As if the display of emotion embarrassed him, Frade looked around for Delgano.
“He probably had to relieve himself,” he announced, and then indignantly, “He should have waited for you.”
“No problem, Dad. All you have to do is stand there while I start the engine, and give it a shot if it catches fire.”
It was immediately evident that el Coronel Jorge Guillermo Frade had no idea where he was to stand, or for that matter, how to operate the extinguisher.
Clete conducted a quick course in fire-extinguisher operation during aircraft engine start, then climbed back into the Beechcraft, strapped himself in, and slid the pilot’s window open.
“Clear!”
“Clear!” his father responded, with obviously no idea what he was saying.

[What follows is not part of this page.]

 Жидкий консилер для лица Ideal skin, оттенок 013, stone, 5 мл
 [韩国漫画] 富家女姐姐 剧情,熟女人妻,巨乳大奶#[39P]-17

Clete turned on the MAIN switch, then pushed ENGINE PRIME, and finally ENGINE START.
The engine coughed to life on the first try, and he saw his father smile triumphantly at Claudia, who had come to the airstrip from the house to watch him. Clete looked at her and gave her a thumbs-up. She crossed herself but smiled, making it a joke.
As the needles came off the peg, he removed the brakes, checked the wind sock, and began to taxi to the gravel strip, then down it. By the time he had turned it around, everything was in the green.
“Engage brain before beginning takeoff roll,” he said aloud, and shoved the throttle forward.
At just about the moment the airspeed indicator began operating, indicating forty, he felt life come into the wheel. The tail wheel lifted off. He held it on the ground, deciding it would take off at sixty or seventy. At sixty, it lifted into the air of its own accord. He eased back on the wheel and saw the ground drop away.
Claudia was waving cheerfully at him.
He put it into a shallow climb to the north, in the direction of Estancia Santa Catharina and Samborombón Bay. When he reached 4,000 feet, he played with it a little—more than he felt he could do with Delgano sitting beside him—to see how it flew. It wasn’t a Wildcat, but it was a damned nice little airplane.
He found Claudia’s estancia and landing strip without trouble. Giving in to the impulse, he made a low-level pass over it, rocking the wings as he did so. So far as he could tell, this dazzling display of airmanship went wholly unnoticed.
He looked at the elapsed time function on his Hamilton, and saw that it had taken him fifteen minutes to reach the estancia.
If I’m gone more than an hour, they will start shitting bricks. So I have to be back in forty-five minutes. Half of forty-five is twenty-two thirty. I can fly over the Bay for twenty-two thirty. If I can’t find the Reine de la Mer in twenty-two thirty, I’ll have to quit.
Eighteen minutes later, ten minutes after crossing the coastline, all alone on a vast expanse of bay, he spotted a ship dead in the water. He put the Beechcraft in a shallow descent from 5,000 feet, taking it right down to the waves. He retarded the throttle—watch it, Clete, you don’t want to stall it into the drink—and approached her from the stern. Her sternboard had a legend, which at first he couldn’t see.
He flew closer.
Don’t run into the sonofabitch!
A flag was on her stern pole. The wind was such that it was flapping, fully extended. Surprising him, he recognized it as Portuguese from one of the briefings Adams had given them in New Orleans.
And then the letters on her sternboard came into focus: REINE DE LA MER—LISBOA.
There you are, you sonofabitch!
He banked sharply to pass her on her port side, and waved cheerfully as he flew past.
Twenty crewmen waved cheerfully back, most of them standing beside canvas-draped objects that he strongly suspected were searchlights and machine-gun mounts.
He put the Beechcraft into a shallow turning climb until he was on a heading for Estancia San Pedro y San Pablo.
No wonder those other guys got themselves killed. There is no way to approach a ship like that, at anchor twenty miles off shore, without being detected. Certainly not in the daytime. And even at night if you rowed out there, so they wouldn’t hear the sound of your engines, if that captain knows shit from shinola, he’s going to use his searchlights every couple of minutes to see what else is floating around out there.
So how do we fix explosives to her hull?